- Data segment -

□ □ □

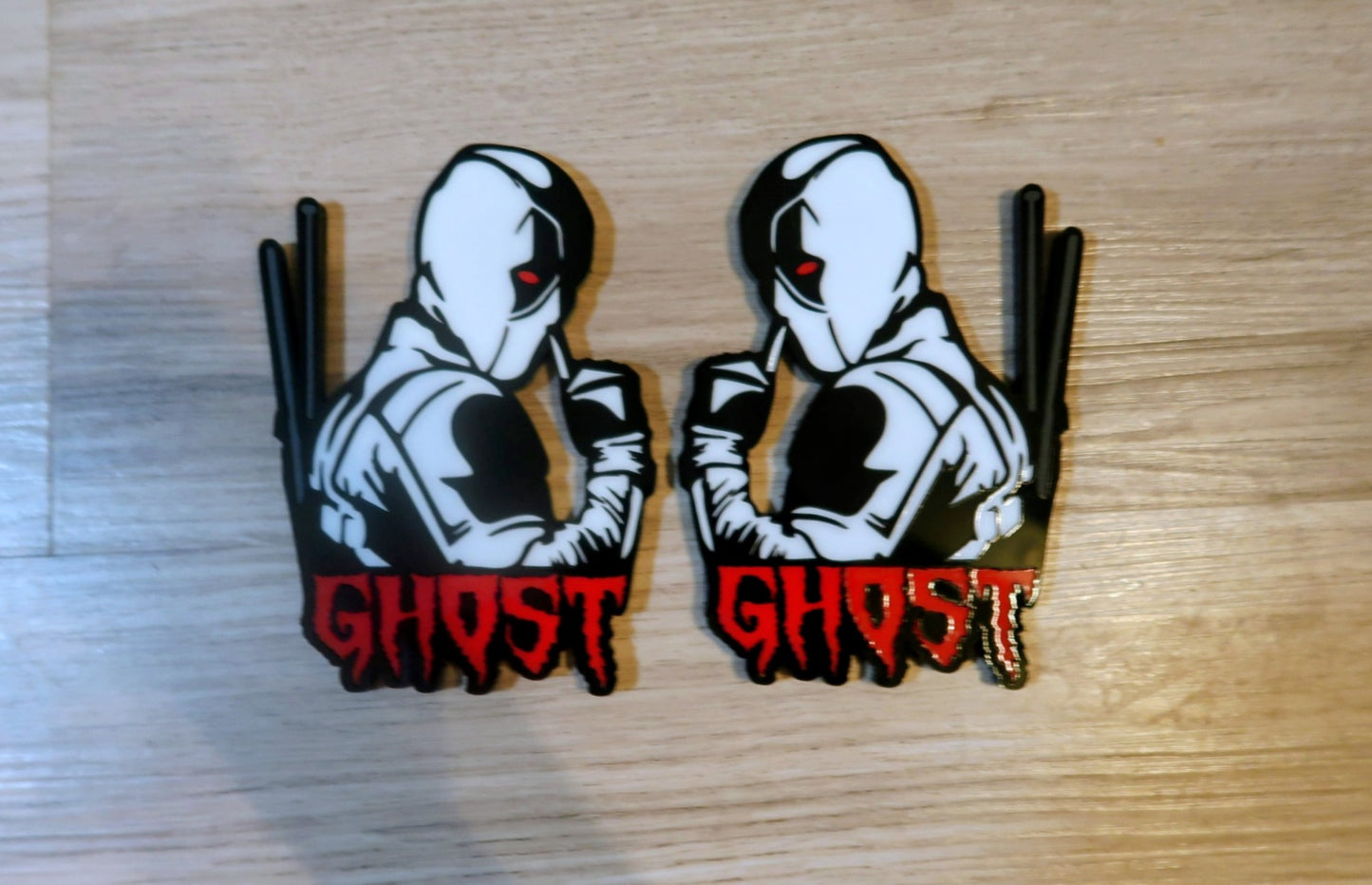 Inspired Deadpool Badges. Includes 2 badges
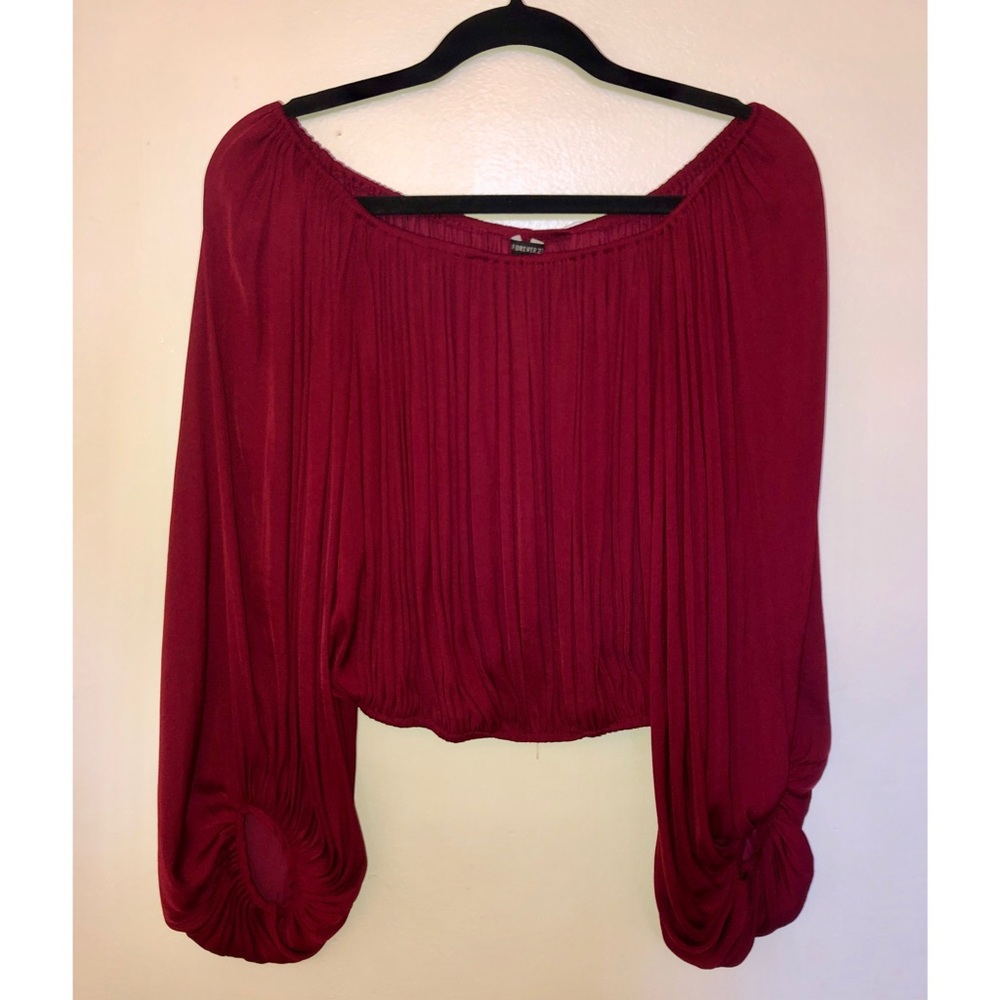 Off the Shoulder Crop Top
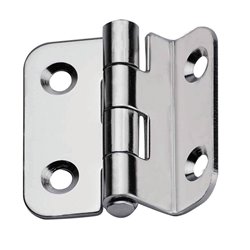 Μεντεσές, Κανονικός με γωνία, Inox 316, Μ35mm, Π35mm, Παχ. 2mm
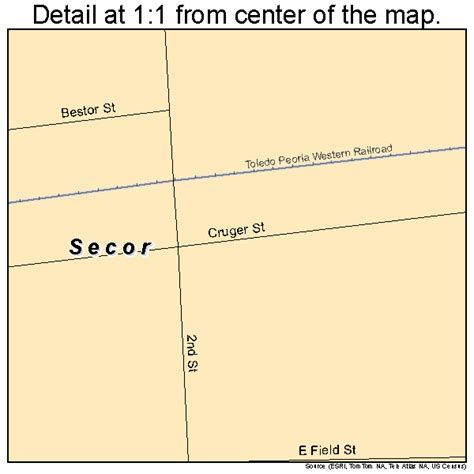 Secor Illinois Street Map 1768510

□ □ □

- What to do -
Write out the material exactly as it stands, omitting every picture.

- Written response -
 Inspired Deadpool Badges. Includes 2 badges
 Off the Shoulder Crop Top
 Μεντεσές, Κανονικός με γωνία, Inox 316, Μ35mm, Π35mm, Παχ. 2mm
 Secor Illinois Street Map 1768510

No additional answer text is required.